The first recommendation for a healthy lifestyle is to consume more fruits and vegetables. Fruits in particular are recommended as substitutes for desserts and juices because of their low sugar content and high levels of fiber compared to these two. However, just as there are fruits that are highly beneficial, there can also be harmful fruits to the liver.
It is important to remember that no single food is harmful. If consumed within a varied diet with natural ingredients, all fruits are beneficial, but some should be consumed in moderation to maintain healthy liver conditions.
By harmful fruits to the liver then we mean fruits that are high in calories, high in sugars, and should be limited to a few servings, as this can lead to conditions such as fatty liver disease.
This is because excess sugar is harmful to the body. This includes both regular table sugar or sucrose and fructose and glucose, both of which are contained in fruits and other sources such as natural syrups and honey.
Fruits that can be harmful to the liver:
Raisins and dehydrated fruits
Grapes have 16.25 grams of sugar per 100 grams and when dehydrated, they have higher sugar content that makes it easier to overeat.
Bananas
100 grams of bananas have 12.13 grams of sugar. It is recommended to limit consumption to 1-2 pieces per day.
Figs
Figs are one of the sweetest fruits and 100 grams contain 16.26 grams of sugar.
Dates
Dates are the fruit with the highest sugar content with 63.95 grams of sugar per 100 grams of the product.
Mangoes
Ripe mangoes have 13.66 gr. of sugar per 100 gr. of fruit.
Cherries
Finally, natural cherries have up to 12.82 gr. of sugar per 100 gr.

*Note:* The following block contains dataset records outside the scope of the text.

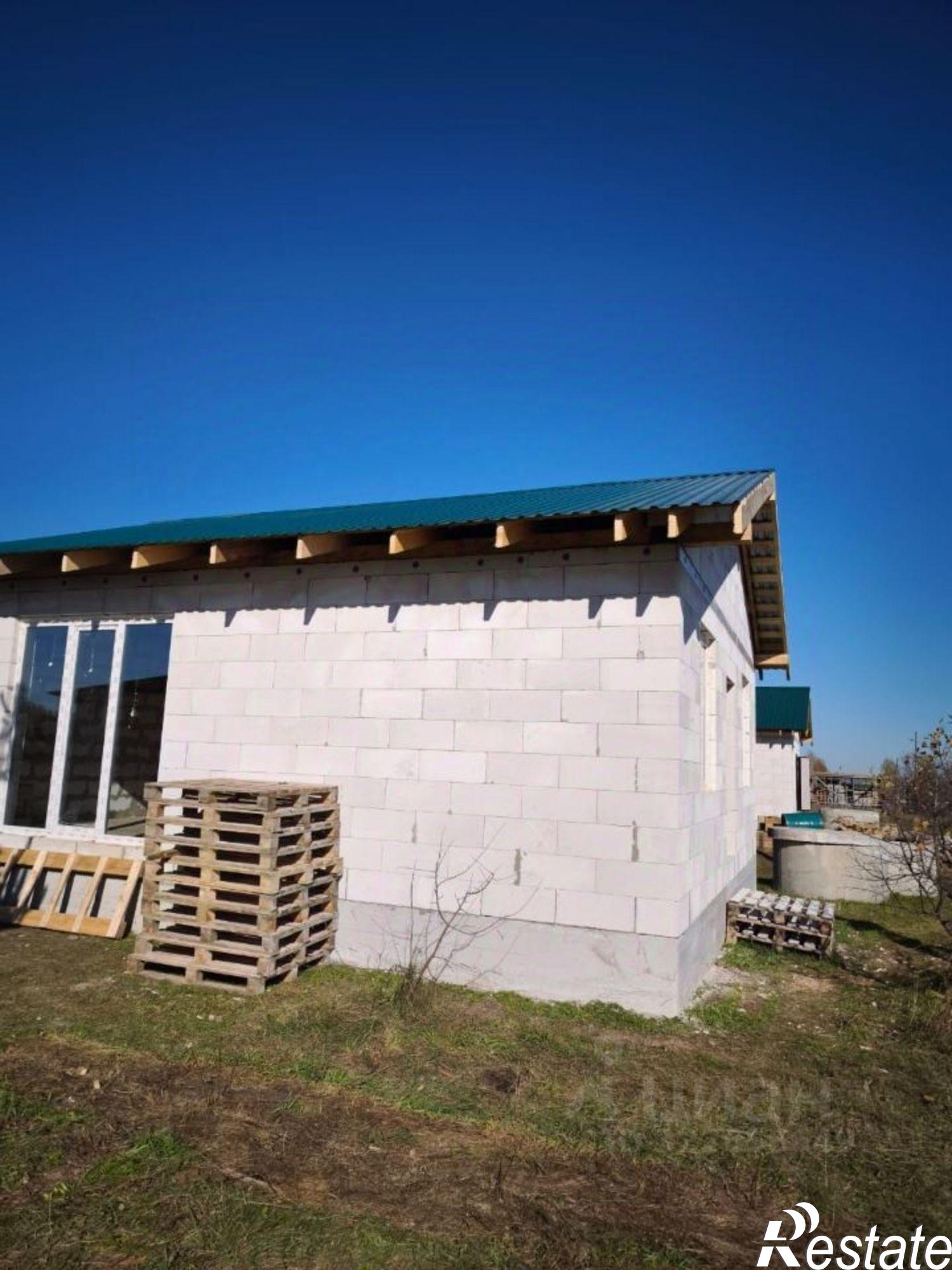 Купить дачу, дом, коттедж за 3 700 000 рублей на Майминский район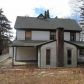 54 TAYLOR ST, High Bridge, NJ 08829 ID:15751386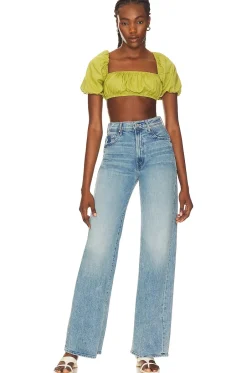 Best Aviana Top Tops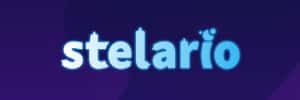 Plataforma 79bet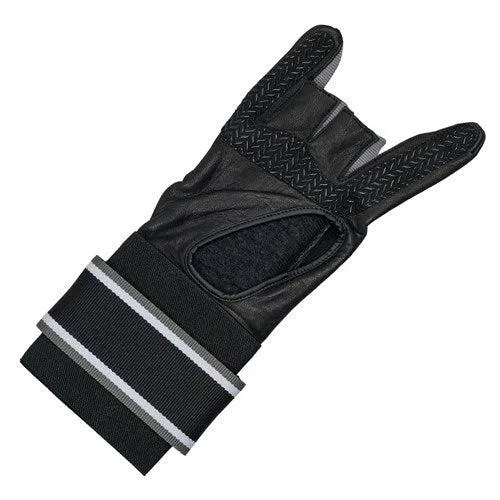 KR Strikeforce Pro Force Positioner Right Hand Glove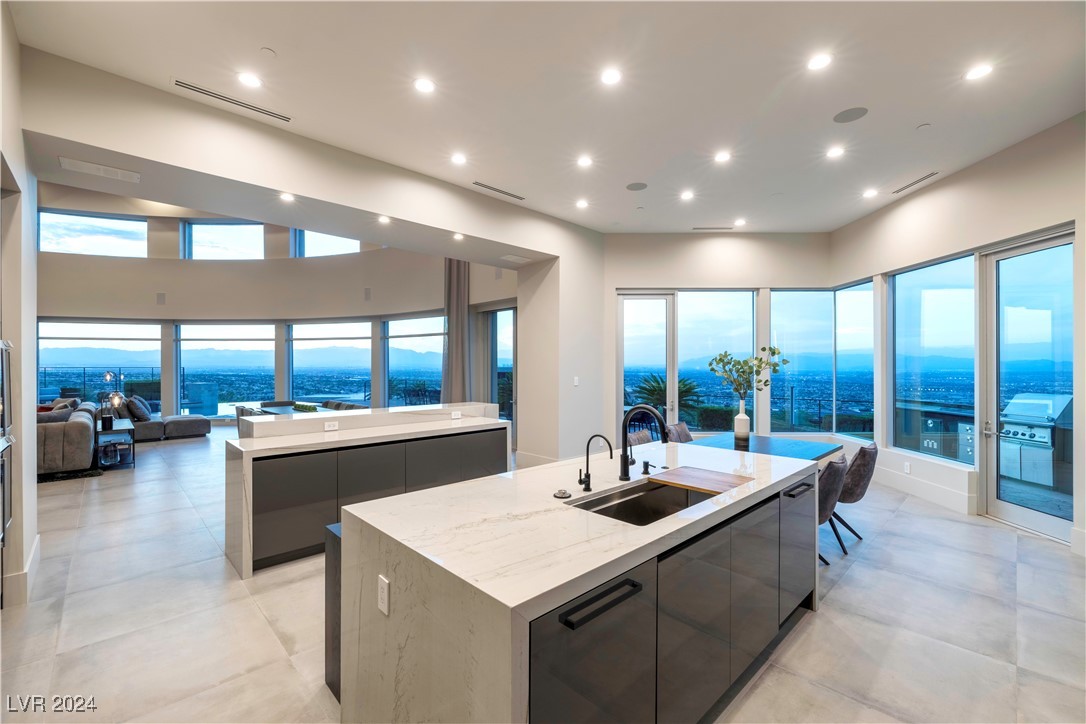 Henderson, Nevada 89012, United States, 5 Bedrooms Bedrooms, ,6 BathroomsBathrooms,Residential,Active,27337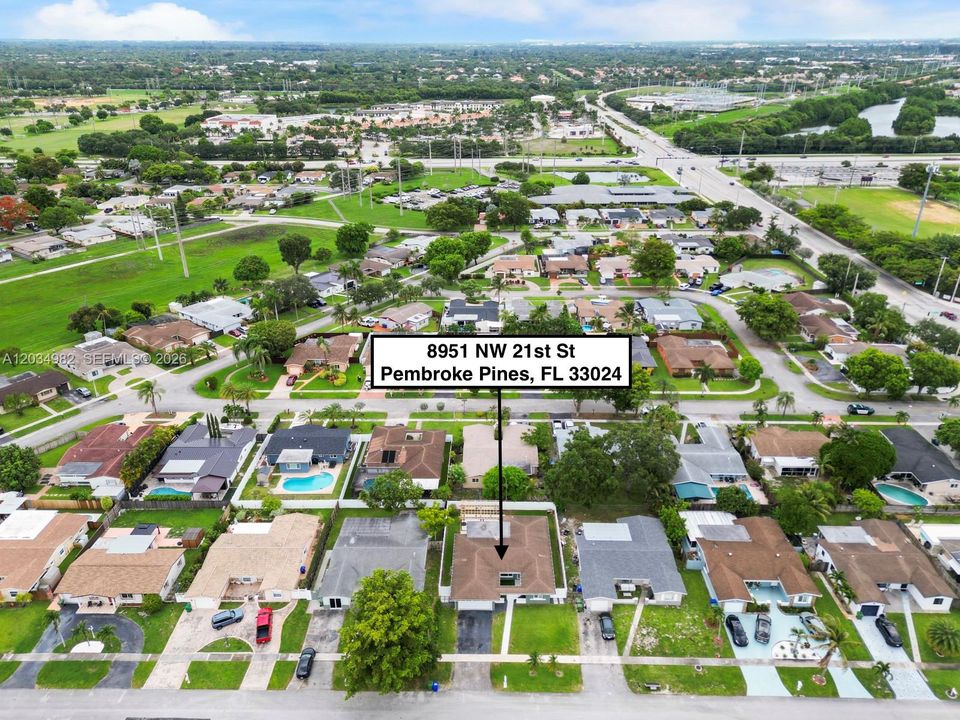 For Rent: $3,950 (3 beds, 2 baths, 1626 Square Feet)
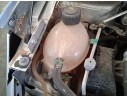 Recambio de deposito expansion para renault captur i (j5_, h5_) 1.5 dci 90 referencia OEM IAM 217104354R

The most recommended is to eat the fruits whole and fresh, with skin when possible, as this way you can take advantage of all the nutrients and antioxidants they have.
As the last recommendation, eating whole fruits is the best option to take advantage of the fiber and natural nutrients they contain. This way fruits are digested slowly, without affecting the liver and generating a feeling of satiety.